◆ **Task statement**
An exact, complete printout of the listing is wanted, minus its images.
● ● ● ●
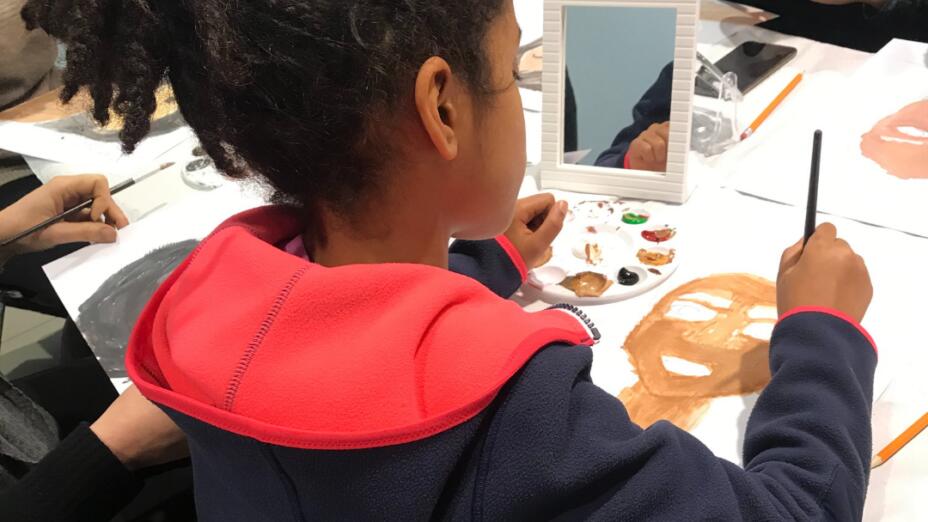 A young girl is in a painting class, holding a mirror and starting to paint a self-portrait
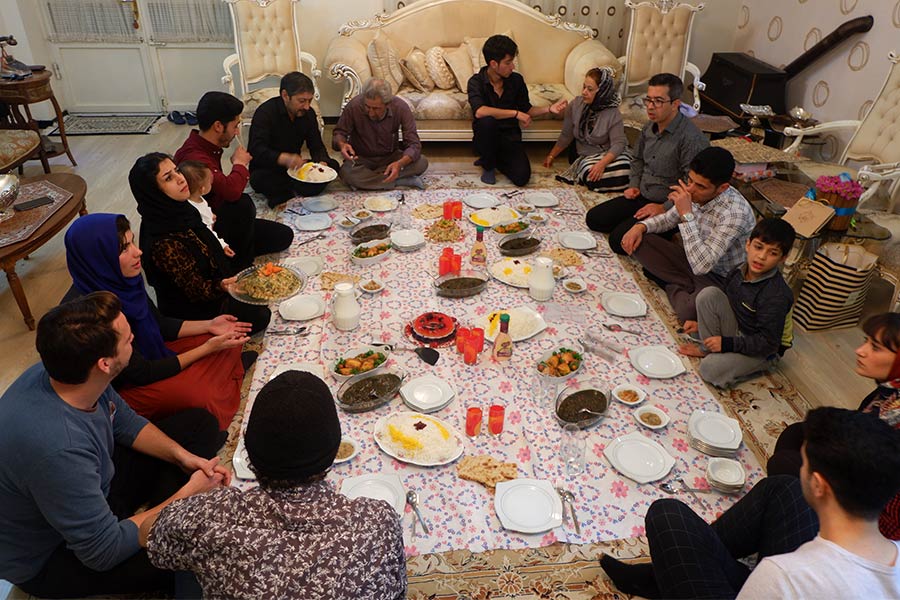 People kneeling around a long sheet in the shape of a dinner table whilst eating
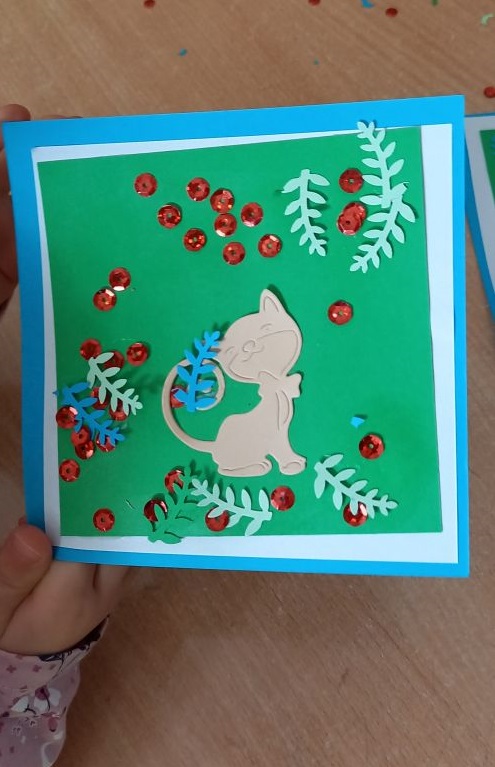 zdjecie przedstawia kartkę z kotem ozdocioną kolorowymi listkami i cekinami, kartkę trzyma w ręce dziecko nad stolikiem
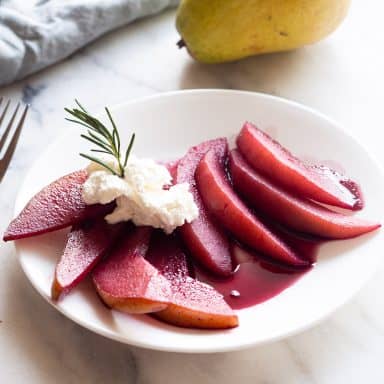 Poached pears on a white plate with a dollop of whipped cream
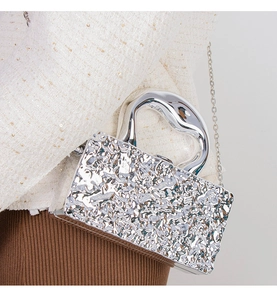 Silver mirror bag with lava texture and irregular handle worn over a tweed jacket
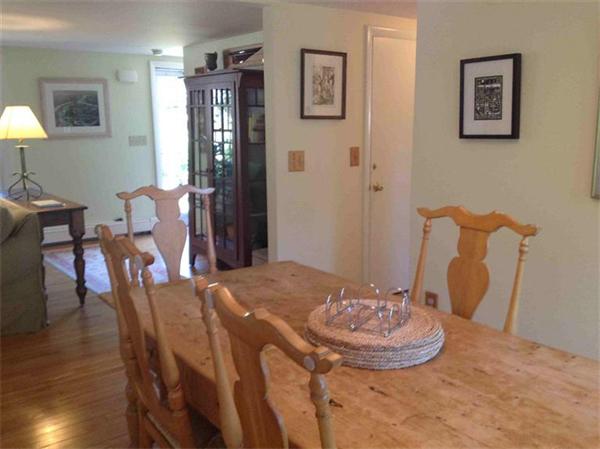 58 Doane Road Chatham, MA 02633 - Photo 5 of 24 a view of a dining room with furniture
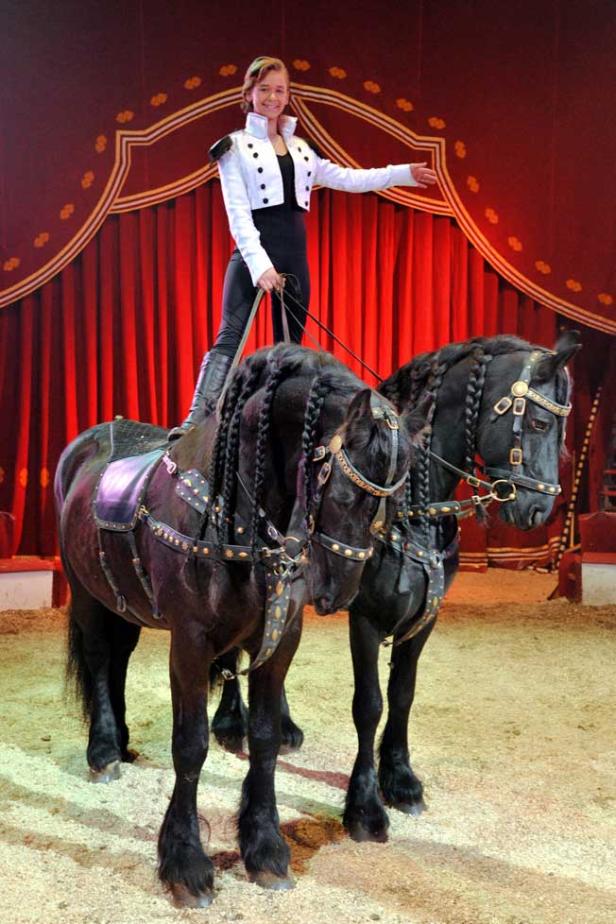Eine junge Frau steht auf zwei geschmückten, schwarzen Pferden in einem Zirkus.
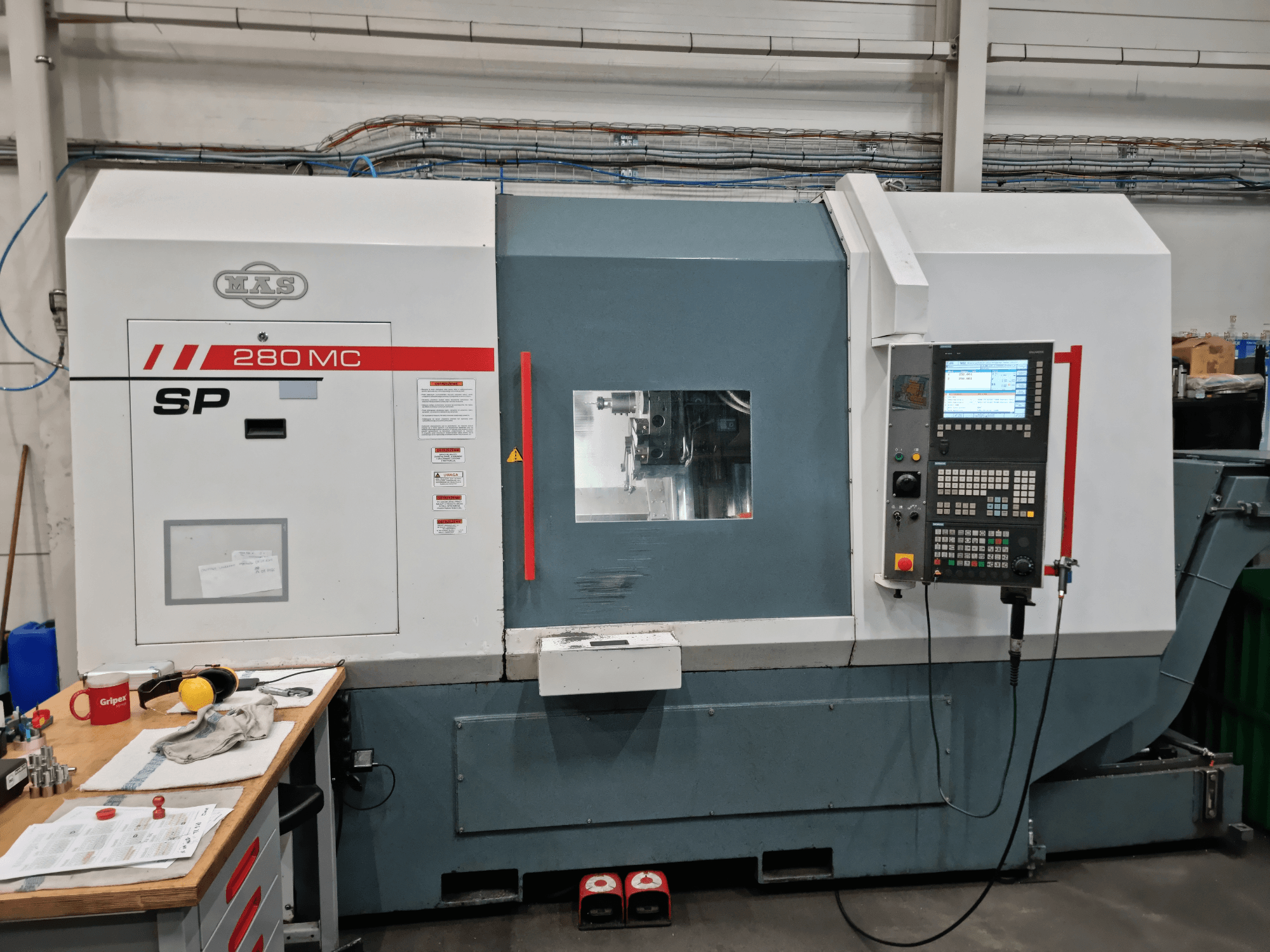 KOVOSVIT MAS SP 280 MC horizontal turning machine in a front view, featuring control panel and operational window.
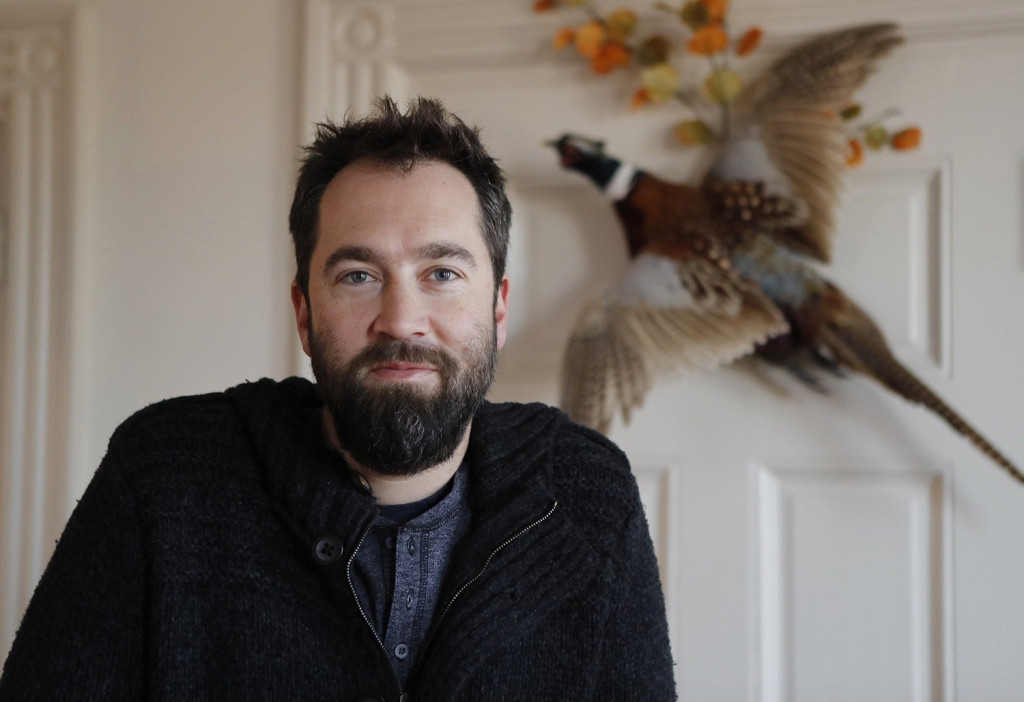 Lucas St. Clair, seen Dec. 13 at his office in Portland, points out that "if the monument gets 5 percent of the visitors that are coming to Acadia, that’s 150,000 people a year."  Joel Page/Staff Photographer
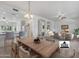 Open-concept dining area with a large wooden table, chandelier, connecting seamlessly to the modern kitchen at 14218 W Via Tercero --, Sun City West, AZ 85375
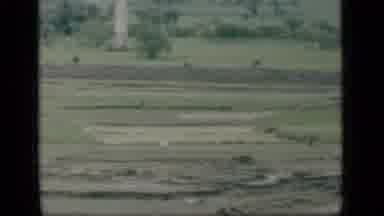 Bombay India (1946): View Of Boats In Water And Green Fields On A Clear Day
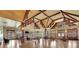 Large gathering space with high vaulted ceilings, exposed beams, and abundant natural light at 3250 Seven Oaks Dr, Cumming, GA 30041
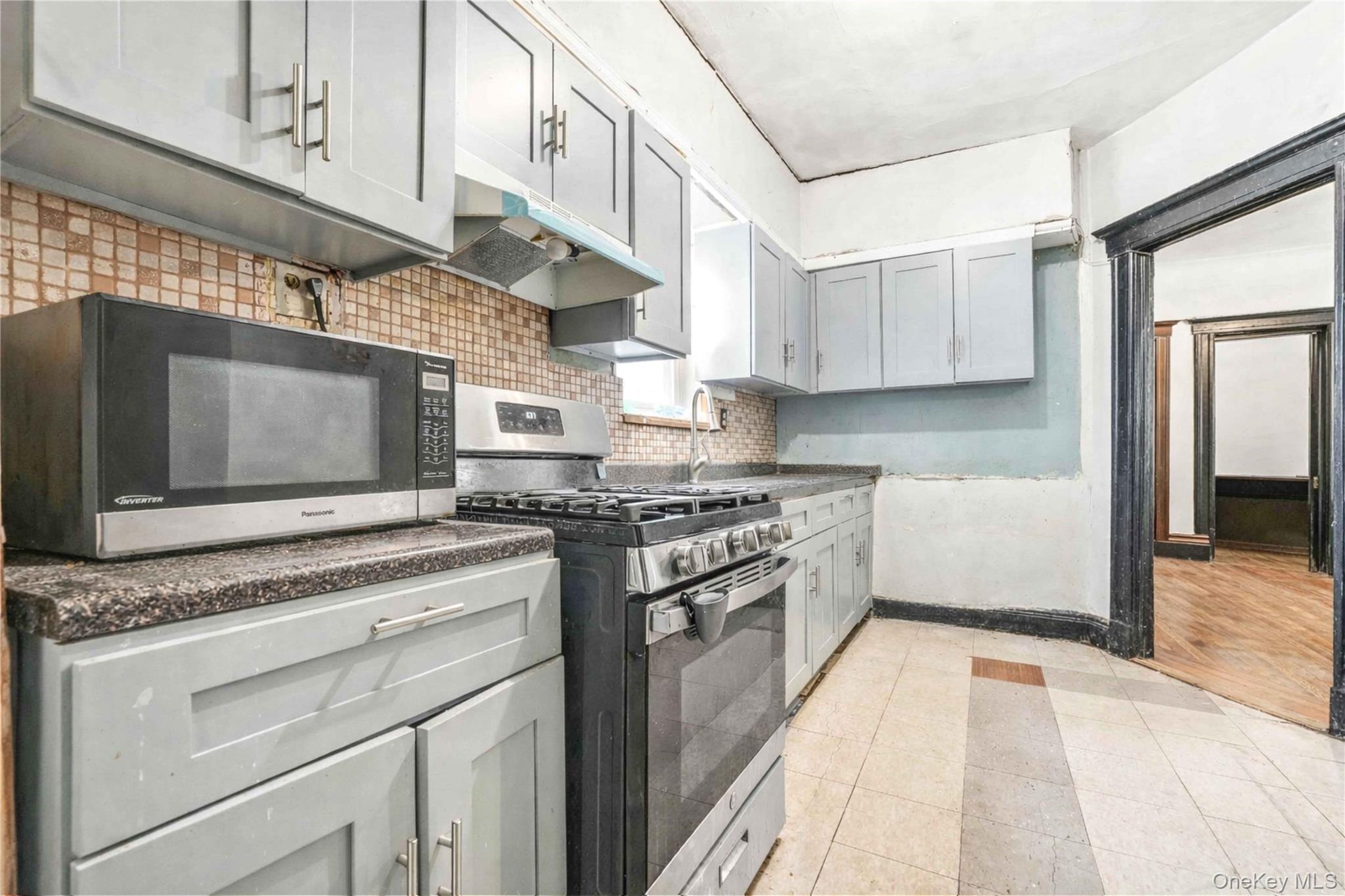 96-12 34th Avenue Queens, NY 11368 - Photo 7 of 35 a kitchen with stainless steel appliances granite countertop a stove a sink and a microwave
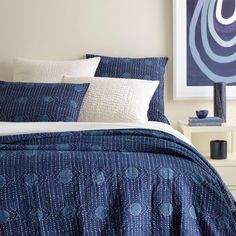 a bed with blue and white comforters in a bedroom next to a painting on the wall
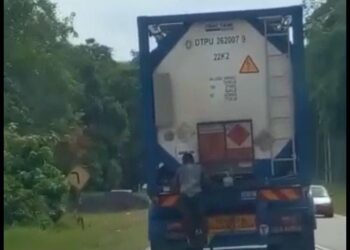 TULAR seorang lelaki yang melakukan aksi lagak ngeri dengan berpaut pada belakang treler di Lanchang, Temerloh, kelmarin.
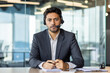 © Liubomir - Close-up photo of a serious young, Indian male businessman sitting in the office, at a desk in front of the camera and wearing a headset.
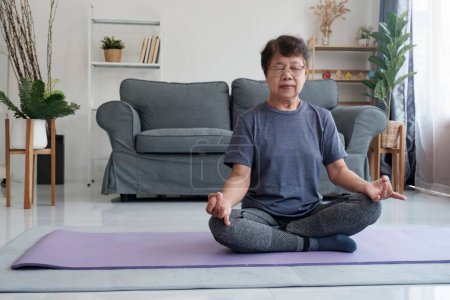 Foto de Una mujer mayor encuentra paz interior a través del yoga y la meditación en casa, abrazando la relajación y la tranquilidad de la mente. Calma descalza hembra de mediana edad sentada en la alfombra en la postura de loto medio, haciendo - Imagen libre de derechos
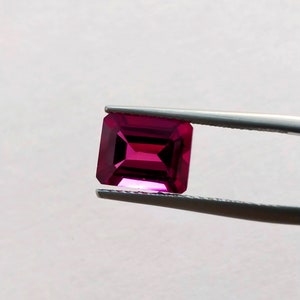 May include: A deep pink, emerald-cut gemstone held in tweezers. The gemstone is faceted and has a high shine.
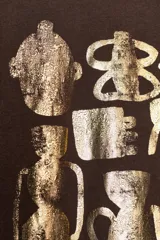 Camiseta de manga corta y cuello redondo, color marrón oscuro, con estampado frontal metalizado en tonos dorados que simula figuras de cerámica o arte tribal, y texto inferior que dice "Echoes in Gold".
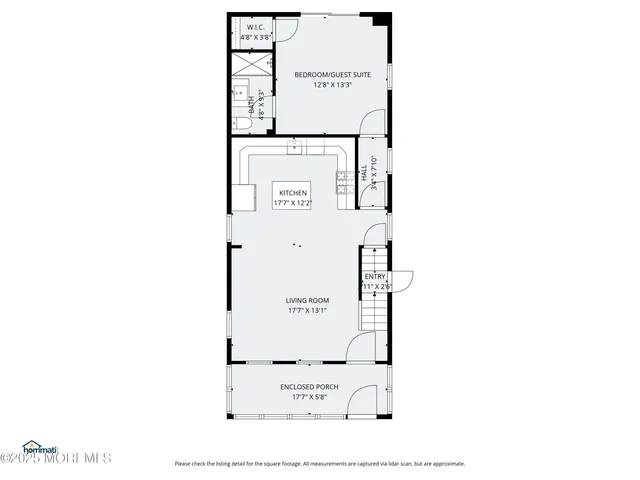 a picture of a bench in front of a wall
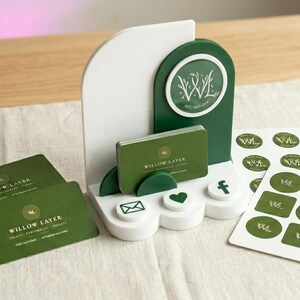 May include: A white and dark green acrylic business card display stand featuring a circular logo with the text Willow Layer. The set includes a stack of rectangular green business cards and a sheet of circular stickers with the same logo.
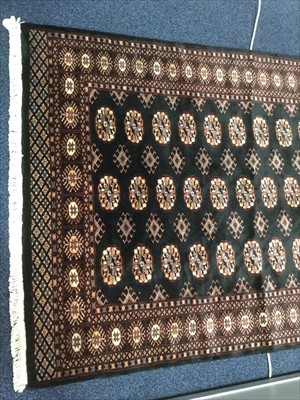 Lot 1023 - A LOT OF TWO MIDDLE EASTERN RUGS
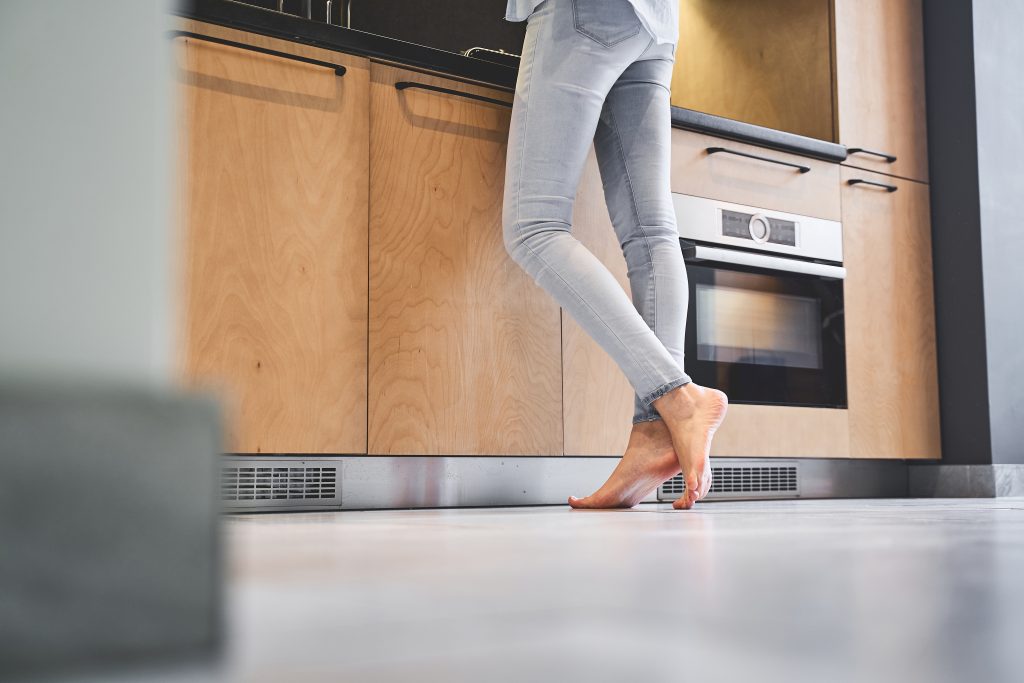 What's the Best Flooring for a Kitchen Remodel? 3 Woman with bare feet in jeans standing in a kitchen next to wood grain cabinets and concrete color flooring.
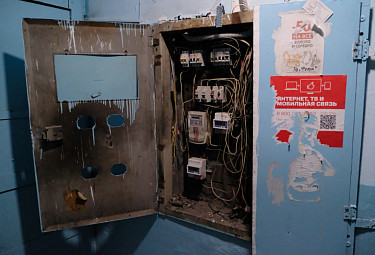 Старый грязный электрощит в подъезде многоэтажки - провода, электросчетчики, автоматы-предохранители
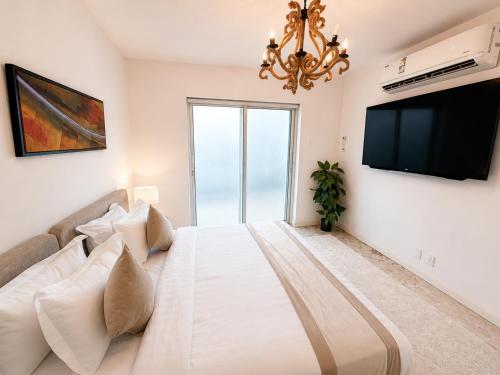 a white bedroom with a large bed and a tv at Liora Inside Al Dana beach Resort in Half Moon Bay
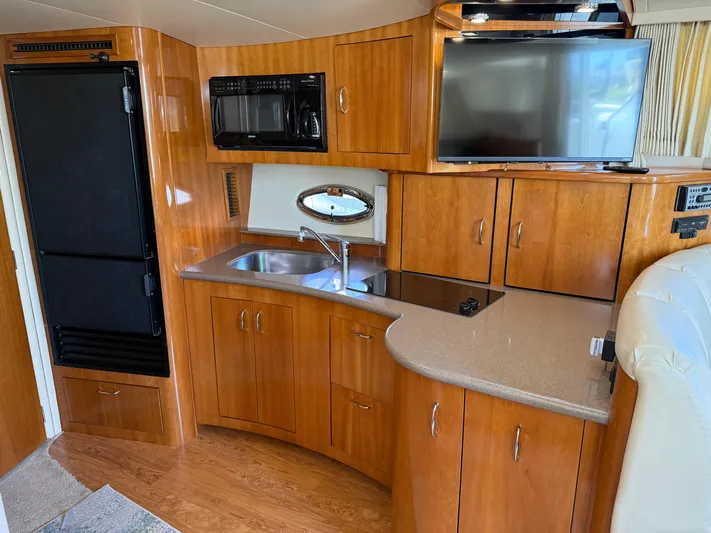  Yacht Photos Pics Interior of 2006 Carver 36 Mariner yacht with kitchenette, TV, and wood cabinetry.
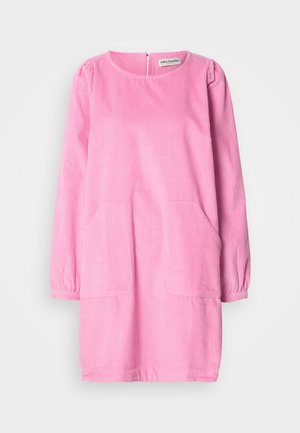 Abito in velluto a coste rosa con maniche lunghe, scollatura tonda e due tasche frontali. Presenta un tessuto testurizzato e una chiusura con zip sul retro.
● ● ● ●
◆ **Solution**
 A young girl is in a painting class, holding a mirror and starting to paint a self-portrait
 People kneeling around a long sheet in the shape of a dinner table whilst eating
 zdjecie przedstawia kartkę z kotem ozdocioną kolorowymi listkami i cekinami, kartkę trzyma w ręce dziecko nad stolikiem
 Poached pears on a white plate with a dollop of whipped cream
 Silver mirror bag with lava texture and irregular handle worn over a tweed jacket
 58 Doane Road Chatham, MA 02633 - Photo 5 of 24 a view of a dining room with furniture
Eine junge Frau steht auf zwei geschmückten, schwarzen Pferden in einem Zirkus.
 KOVOSVIT MAS SP 280 MC horizontal turning machine in a front view, featuring control panel and operational window.
 Lucas St. Clair, seen Dec. 13 at his office in Portland, points out that "if the monument gets 5 percent of the visitors that are coming to Acadia, that’s 150,000 people a year."  Joel Page/Staff Photographer
 Open-concept dining area with a large wooden table, chandelier, connecting seamlessly to the modern kitchen at 14218 W Via Tercero --, Sun City West, AZ 85375
 Bombay India (1946): View Of Boats In Water And Green Fields On A Clear Day
 Large gathering space with high vaulted ceilings, exposed beams, and abundant natural light at 3250 Seven Oaks Dr, Cumming, GA 30041
 96-12 34th Avenue Queens, NY 11368 - Photo 7 of 35 a kitchen with stainless steel appliances granite countertop a stove a sink and a microwave
 a bed with blue and white comforters in a bedroom next to a painting on the wall
 TULAR seorang lelaki yang melakukan aksi lagak ngeri dengan berpaut pada belakang treler di Lanchang, Temerloh, kelmarin.
 © Liubomir - Close-up photo of a serious young, Indian male businessman sitting in the office, at a desk in front of the camera and wearing a headset.
 Foto de Una mujer mayor encuentra paz interior a través del yoga y la meditación en casa, abrazando la relajación y la tranquilidad de la mente. Calma descalza hembra de mediana edad sentada en la alfombra en la postura de loto medio, haciendo - Imagen libre de derechos
 May include: A deep pink, emerald-cut gemstone held in tweezers. The gemstone is faceted and has a high shine.
 Camiseta de manga corta y cuello redondo, color marrón oscuro, con estampado frontal metalizado en tonos dorados que simula figuras de cerámica o arte tribal, y texto inferior que dice "Echoes in Gold".
 a picture of a bench in front of a wall
 May include: A white and dark green acrylic business card display stand featuring a circular logo with the text Willow Layer. The set includes a stack of rectangular green business cards and a sheet of circular stickers with the same logo.
 Lot 1023 - A LOT OF TWO MIDDLE EASTERN RUGS
 What's the Best Flooring for a Kitchen Remodel? 3 Woman with bare feet in jeans standing in a kitchen next to wood grain cabinets and concrete color flooring.
 Старый грязный электрощит в подъезде многоэтажки - провода, электросчетчики, автоматы-предохранители
 a white bedroom with a large bed and a tv at Liora Inside Al Dana beach Resort in Half Moon Bay
  Yacht Photos Pics Interior of 2006 Carver 36 Mariner yacht with kitchenette, TV, and wood cabinetry.
 Abito in velluto a coste rosa con maniche lunghe, scollatura tonda e due tasche frontali. Presenta un tessuto testurizzato e una chiusura con zip sul retro.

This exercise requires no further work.